Alcoholic Liquid Nitrogen – The Real Daiquiri
(A continuation from yesterday’s post on the mojito)
If the mojito is liquid air conditioning on a hot day, the daiquiri is like drinking boozy liquid nitrogen, a short, sharp, shock of ultimate cold to the mojito’s enveloping effervescent coolness. Additionally, the daiquiri is a more elegant, refined drink, whereas the mojito is a bit more rustic and working class, but they’re connected regardless. Both were invented in Cuba, and both were perfected at bars that Ernest “And a Bottle of Rum” Hemingway, who drank lots of both, frequented. Before we begin, let me tell you what a daiquiri is NOT:
- It is NOT made out of a slushie machine.
- It is NOT made with all kinds of random fruits (I’m looking at you, strawberries).
- It is NOT meant to be sweet.
- It is NOT pronounced DAK-uh-ree. It’s Spanish, for God’s sake.
It’s shocking how many otherwise credible bars still think that’s what a daiquiri is. When made right, it’s a smooth, dry and tart yet balanced, delicious drink that chills upon first sip. Cocktail maven David Embury considered it one of the six essential drinks and called it “”a vastly superior cocktail to the Manhattan,” and “a cocktail that is difficult to improve upon.” In its purest form, it is nothing but white rum, lime juice and a trace of sugar, shaken and served up, with some acceptable variations as described below.

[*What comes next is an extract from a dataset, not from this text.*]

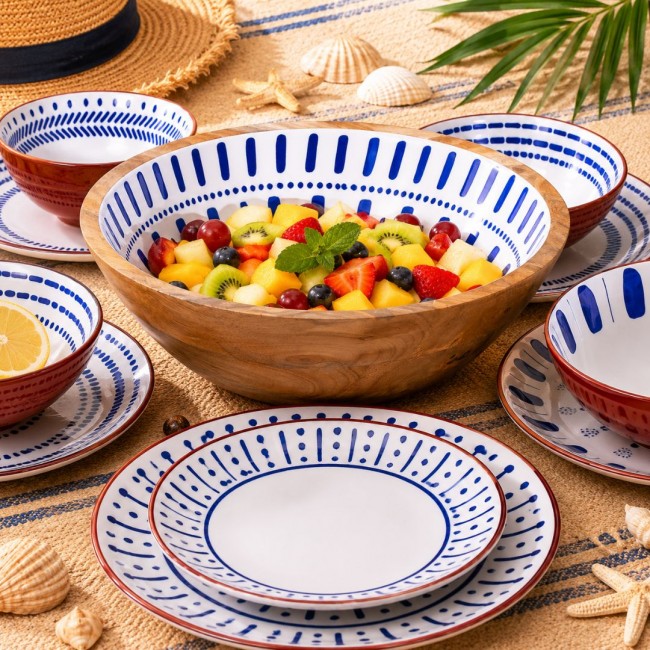 Set de 2 saladiers + couverts, SANTORIN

The real and still legitimate variations were invented and/or popularized at El Floridita, an upscale bar and restaurant in Havana popular with the pre-embargo jet set, by legendary bartender Constante Ribalaigua, the owner and head bartender. In addition to the classic recipe, his variations included blending and serving over crushed ice, adding Maraschino liqueur (the funky-ass stuff distilled from cherries, like Luxardo), or a splash of grapefruit juice to supplement the lime. In modern parlance, a daiquiri that adds in Maraschino is typically called a Floridita daiquiri, one that adds to that grapefruit and occasionally served frozen, and was the house special at El Floridita, is called a Floridita daiquiri no. 2 or sometimes a Hemingway daiquiri, and one that at least doubles all the quantities and is always served frozen over crushed ice is a Papa Doble, what EH actually drank at El Floridita.

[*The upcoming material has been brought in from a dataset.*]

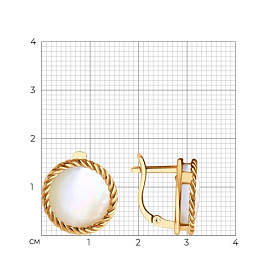 Серьги Diamant - Серебро 925, Перламутр (арт. 93-320-01563-1)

When it’s really hot and you just don’t give a shit, go for a Papa Doble. One or two of these and you’ll be in a state of arctic bliss. If you just want an elegant, icy sipper, go for the standard or Floridita versions. For a fruitier twist, go for the Floridita no. 2.
- 2 oz white rum (Havana Club is best, Flor de Caña and Brugal are worthy substitutes)

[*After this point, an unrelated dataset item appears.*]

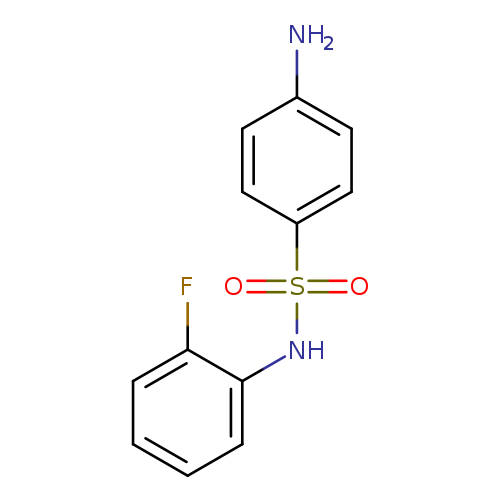 4-Amino-n-(2-fluorophenyl)benzenesulfonamide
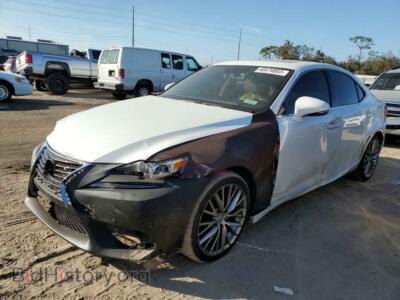2014 Lexus IS IS 250, двухцветный — VIN JTHBF1D27E5005374, Copart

- 1 oz fresh lime juice (Constante would squeeze them by hand so as not to express any lime zest oil, but that’s just unnecessary pedantic fastidiousness)
- half oz (or less) simple syrup
- Shake hard over cracked or crushed ice and double strain into a cocktail glass
for the Floridita: Add 1/4 oz Luxardo Maraschino liqueur.
For the Floridita no. 2: proceed as for Floridita, but split the ounce of juice 50-50 between lime juice and grapefruit juice, or simply add 1/2 oz grapefruit to the previous ounce of lime. All of the above may be served up or blended and served over crushed ice.
Papa Doble: Hemingway’s recipe was for “two and a half jiggers of white rum, juice of two limes and half a grapefruit, six drops of maraschino liqueur, served frozen.” This is vague, so let’s throw some measurements in:
- 4 oz rum
- 1.5 oz lime juice
- 1.5 oz grapefruit juice
- 0.5 oz Maraschino
- Blend with crushed ice and serve with the ice in a large glass – Hemingway liked goblets, apparently.
- Take it easy
A note on crushed or shaved ice and blending: You don’t want Slurpee consistency i.e. microscopic-sized ice and perfect integration. There should be some liquid left sloshing around, and the ice should be crushed, but not pulverized.